What Must YOU Be?‘Musicians must make music, artists must paint, poets must write if they are to be ultimately at peace with themselves. What human beings can be, they must be. They must be true to their own nature.’
— Abraham Maslow“If you want to feel truly fulfilled, you need to realize your potential.”
So let’s reorient the way we’re thinking about the Columbia essay question with this in mind:
What are you GOOD AT?
How can you apply those strengths and specific, unique, distinctive abilities to something meaningful?
Meaningful work is a key driver of personal happiness in life.
The Columbia question isn’t asking, “What kind of flamboyant and out-there goal can you come up with to try to impress us?”
They’re asking, “Where can you add the most value? What are your unique abilities to contribute in your unique way, and how do you KNOW that this is going to fulfill you?”

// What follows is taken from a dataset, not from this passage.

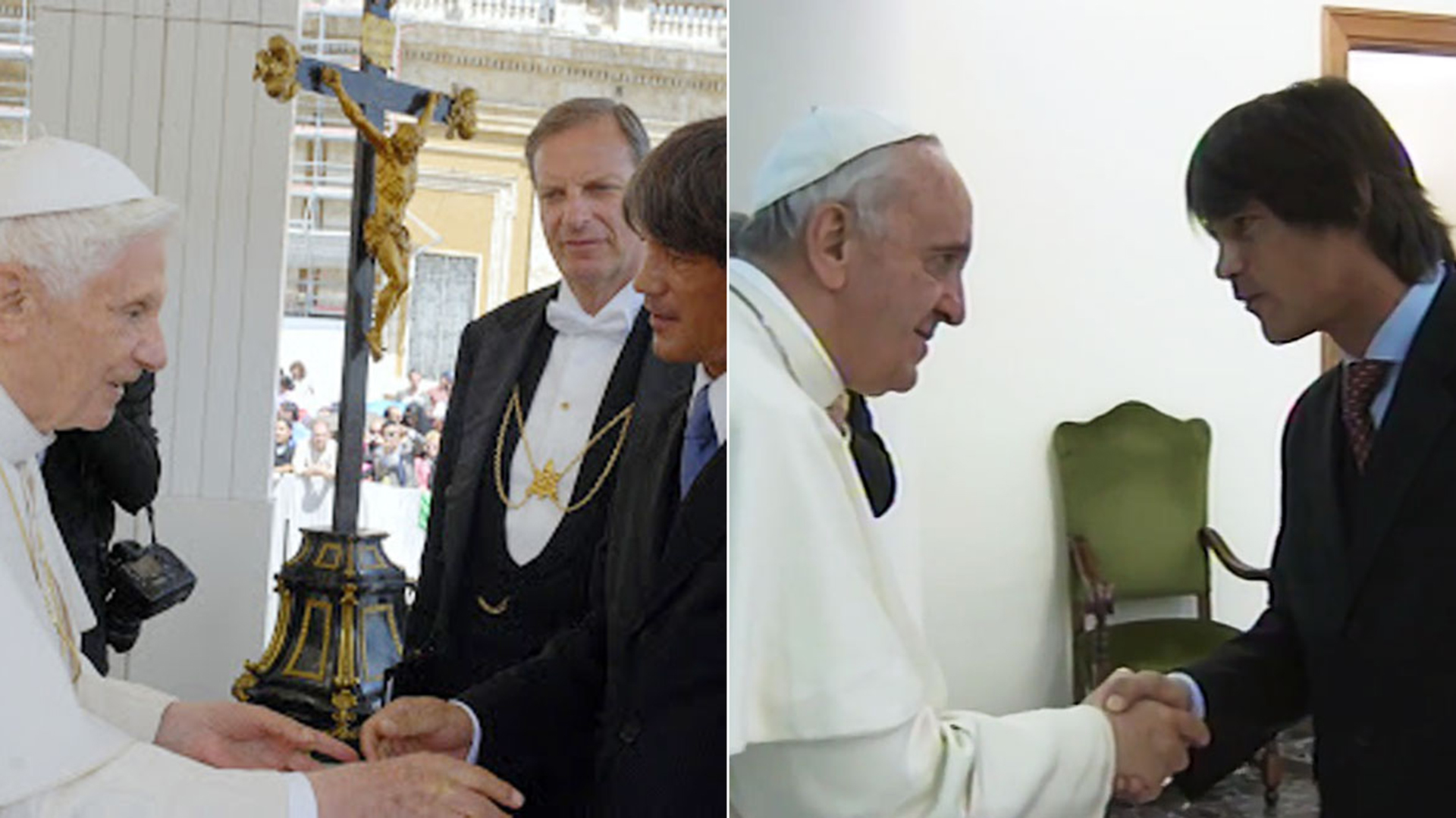 Blaksley, con Benedicto XVI y el papa Francisco.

Yup, a different approach entirely — and one that can let you shed massive light on WHO YOU ARE and what’s running the show underneath it.
Tossing out some fancy long-term career goal is not the key objective for you in tackling this question.
Conveying HOW YOU WANT TO ADD TO THIS WORLD — and why you feel that Columbia is the place that will let you do your best work to prepare for it — that’s how you’ll stand out from the me-too crowd.
Everyone and their sister will be writing this essay this year about how they want to become an entrepreneur. If that’s really truly your dream, then you can do that, too — but based on how they’ve phrased this question, the adcom is setting people up for a trap.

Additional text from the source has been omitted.